Ex-con and SuperChristian Chuck Colson is mad at the Oxford Junior Dictionary.
You know those kinds of dictionaries — the abridged versions that are limited to words kids see on a more regular basis.
It seems several archaic words pertaining to “Britain’s Christian heritage” are gone.
Gone were words like “coronation,” “willow,” and “goldfish.” In their place were words like “MP3 player,” “blog,” and “biodegradable.”
(I don’t quite get the Christian connection to those… but moving on…)
The list continues:
“abbey, altar, bishop, chapel, christen, disciple, monk, nun, pew, saint,” and “sin” were all axed. Even Christmas took a hit: “carol,” “holly,” and “mistletoe” were removed.
And what blasphemous words have taken their place?
In their place, kids got “tolerant,” “interdependent,” and “bilingual.”
Those. F$%king. Monsters.
As we all know, Conservative Christians are against any type of tolerance… as well as people who speak more than one language, apparently. (Only Satan speaks Spanish, you know.)

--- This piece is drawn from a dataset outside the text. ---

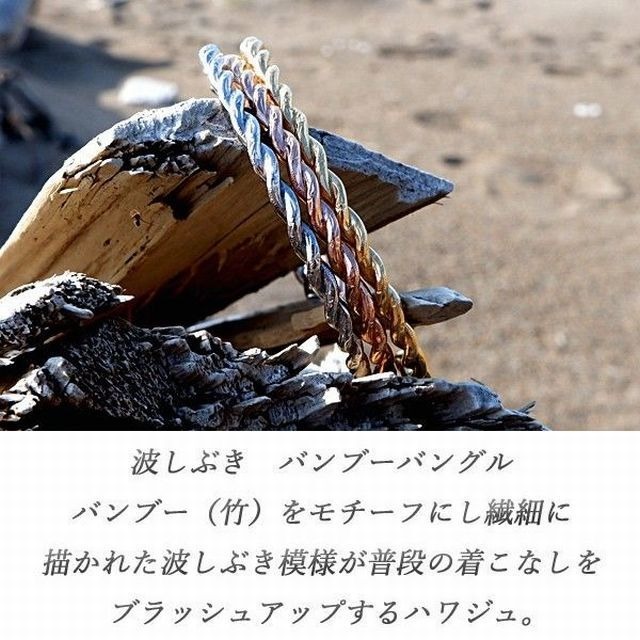 ハワイアンジュエリー バングル メンズ レディース ペア バンブー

When you only get 6,000 words to include, some of them will get cut to make room for words people mention often.
Of course, all the “dropped” words are in the regular Oxford Primary Dictionary… but clearly the abridged version is all that matters.
I’m sure when the kiddies read through the Junior Dictionary and don’t see their missing Christian words, they will become little heathens and kill someone immediately.